L’Azienda Ospedaliera di Padova, in data 16.9.2021, sospendeva dal lavoro con effetto immediato un’infermiera professionale in servizio presso il reparto di neurochirurgia degenze, senza diritto alla retribuzione poichè aveva violato l’obbligo vaccinale e non era possibile adibirla a mansioni diverse che non implicassero il rischio di diffusione del contagio.
Il Tribunale di Padova, chiamato a pronunciarsi sul ricorso dell’infermiera, affronta la questione non solo da una prospettiva legislativa interna, ma, soprattutto, comunitaria.
Secondo il Tribunale le autorizzazioni alla messa in commercio dei vaccini anti-covid sono atti di diritto dell’Unione europea, valutabili sotto il profilo della legittimità esclusivamente dalla Corte di Giustizia. Laddove il giudice nazionale nutra dei dubbi sulla validità di un atto comunitario deve investire della questione la Corte di Giustizia.
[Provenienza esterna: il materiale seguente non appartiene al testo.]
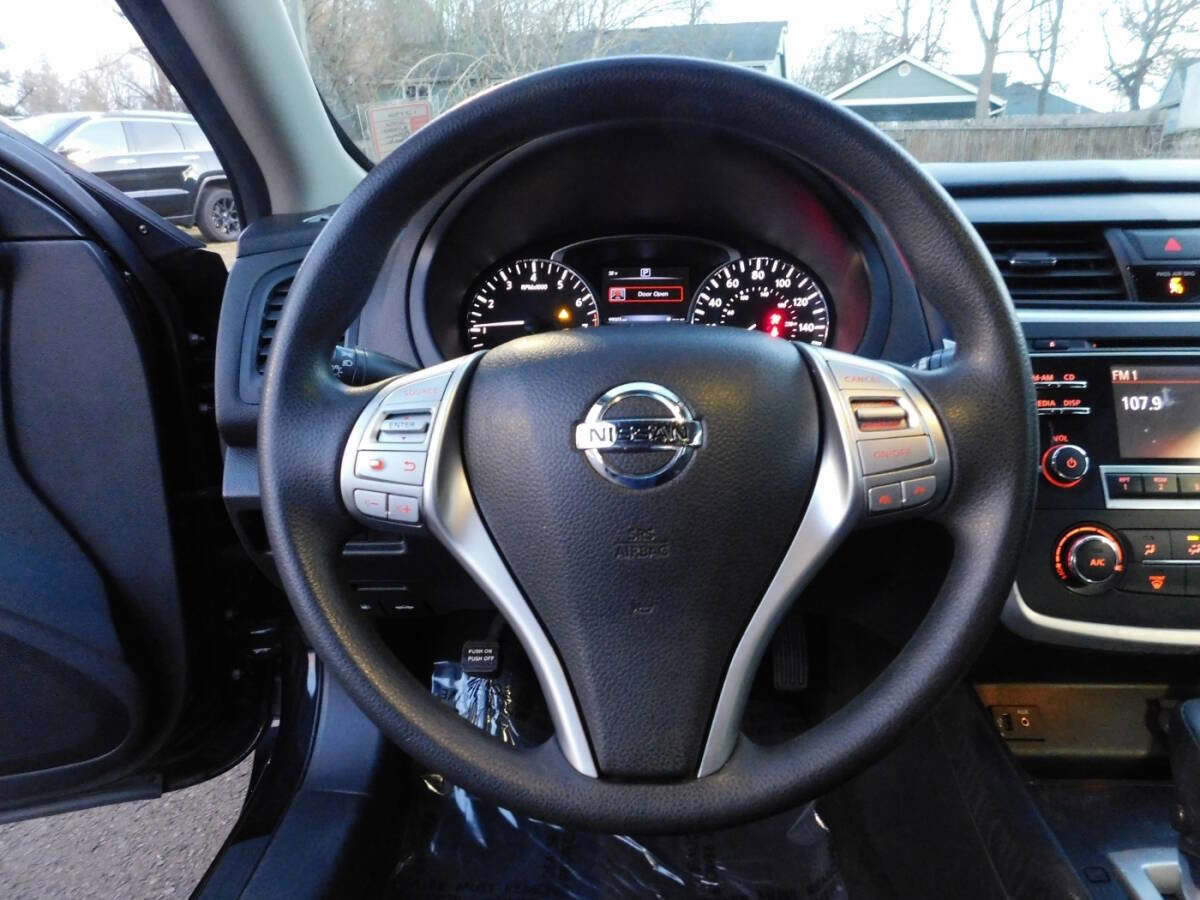 Used 2016 Nissan Altima 2.5 S w/ Power Driver Seat Package image 8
Il Tribunale, quindi, reputa ragionevole sollevare un dubbio di validità delle autorizzazioni della Commissione europea, alla luce delle nuove evidenze mediche e soprattutto dei nuovi medicinali a disposizione.
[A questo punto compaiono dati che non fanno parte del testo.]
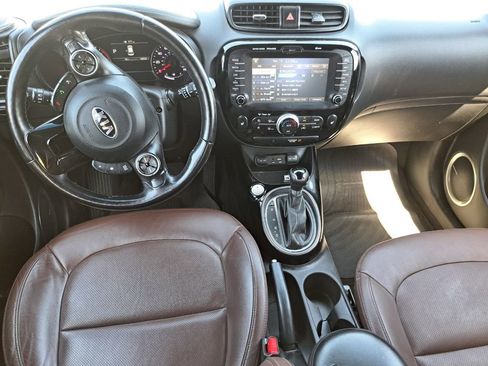 Used 2017 Kia Soul + image 19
Richiama quanto previsto dall’art. 4 del Regolamento 507/2006 secondo il quale:
Articolo 4 – Condizioni
‘1. Un’autorizzazione all’immissione in commercio condizionata può essere rilasciata quando il comitato ritiene che, malgrado non siano stati forniti dati clinici completi in merito alla sicurezza e all’efficacia del medicinale, siano rispettate tutte le seguenti condizioni:
a) il rapporto rischio/beneficio del medicinale, quale definito all’articolo 1, paragrafo 28 bis, della direttiva 2001/83/CE,
risulta positivo;
b) è probabile che il richiedente possa in seguito fornire dati clinici completi;
c) il medicinale risponde ad esigenze mediche insoddisfatte;
d) i benefici per la salute pubblica derivanti dalla disponibilità immediata sul mercato del medicinale in questione superano il rischio inerente al fatto che occorrano ancora dati supplementari.
Nelle situazioni di emergenza di cui all’articolo 2, paragrafo 2, può essere rilasciata un’autorizzazione all’immissione in commercio condizionata anche in assenza di dati farmaceutici o preclinici completi purché siano rispettate le condizioni di cui alle lettere da a) a d) del presente paragrafo.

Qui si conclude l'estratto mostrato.